▸ Exercise instructions:
Your whole reply should be the lines from the one that contains "Возле Генпрокуратуры установили" through the last line of the listing, copied exactly.

= = = = =

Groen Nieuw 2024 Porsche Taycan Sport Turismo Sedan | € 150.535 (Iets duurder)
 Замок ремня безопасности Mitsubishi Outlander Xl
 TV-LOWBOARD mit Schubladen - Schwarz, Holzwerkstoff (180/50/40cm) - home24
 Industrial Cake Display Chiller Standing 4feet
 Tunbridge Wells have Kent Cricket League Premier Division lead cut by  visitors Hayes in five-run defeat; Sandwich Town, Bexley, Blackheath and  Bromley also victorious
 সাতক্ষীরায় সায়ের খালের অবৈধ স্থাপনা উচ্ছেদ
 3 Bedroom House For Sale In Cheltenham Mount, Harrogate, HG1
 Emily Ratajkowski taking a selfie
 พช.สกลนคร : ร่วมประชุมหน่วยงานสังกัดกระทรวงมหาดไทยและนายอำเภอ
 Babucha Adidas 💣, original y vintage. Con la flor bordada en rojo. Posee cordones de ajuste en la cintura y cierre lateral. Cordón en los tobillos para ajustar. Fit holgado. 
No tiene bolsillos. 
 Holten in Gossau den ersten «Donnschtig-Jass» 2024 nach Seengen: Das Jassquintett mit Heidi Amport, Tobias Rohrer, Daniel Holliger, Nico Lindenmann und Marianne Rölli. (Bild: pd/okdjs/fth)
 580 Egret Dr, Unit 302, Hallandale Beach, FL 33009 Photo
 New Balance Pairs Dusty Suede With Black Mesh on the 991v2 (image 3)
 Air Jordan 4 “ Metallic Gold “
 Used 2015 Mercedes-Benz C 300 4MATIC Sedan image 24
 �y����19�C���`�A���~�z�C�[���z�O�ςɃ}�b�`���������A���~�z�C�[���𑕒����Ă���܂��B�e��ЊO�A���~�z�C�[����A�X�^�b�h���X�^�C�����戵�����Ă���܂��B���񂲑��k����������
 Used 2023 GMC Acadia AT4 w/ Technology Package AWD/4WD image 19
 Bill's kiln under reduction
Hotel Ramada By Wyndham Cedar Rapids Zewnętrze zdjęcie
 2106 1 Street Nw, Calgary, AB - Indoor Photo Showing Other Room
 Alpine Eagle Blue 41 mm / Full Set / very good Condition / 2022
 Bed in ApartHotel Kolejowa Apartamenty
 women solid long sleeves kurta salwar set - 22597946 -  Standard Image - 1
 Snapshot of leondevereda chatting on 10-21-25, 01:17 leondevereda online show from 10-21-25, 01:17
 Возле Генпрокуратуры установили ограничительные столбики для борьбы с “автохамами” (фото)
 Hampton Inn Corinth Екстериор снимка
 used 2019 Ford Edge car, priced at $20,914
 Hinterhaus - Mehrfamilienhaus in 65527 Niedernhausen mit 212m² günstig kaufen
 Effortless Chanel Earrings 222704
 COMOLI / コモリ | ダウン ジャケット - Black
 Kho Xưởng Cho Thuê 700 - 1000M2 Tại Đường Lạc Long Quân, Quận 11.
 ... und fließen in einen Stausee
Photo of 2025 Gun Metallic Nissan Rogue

= = = = =

▸ Exercise response:
 Возле Генпрокуратуры установили ограничительные столбики для борьбы с “автохамами” (фото)
 Hampton Inn Corinth Екстериор снимка
 used 2019 Ford Edge car, priced at $20,914
 Hinterhaus - Mehrfamilienhaus in 65527 Niedernhausen mit 212m² günstig kaufen
 Effortless Chanel Earrings 222704
 COMOLI / コモリ | ダウン ジャケット - Black
 Kho Xưởng Cho Thuê 700 - 1000M2 Tại Đường Lạc Long Quân, Quận 11.
 ... und fließen in einen Stausee
Photo of 2025 Gun Metallic Nissan Rogue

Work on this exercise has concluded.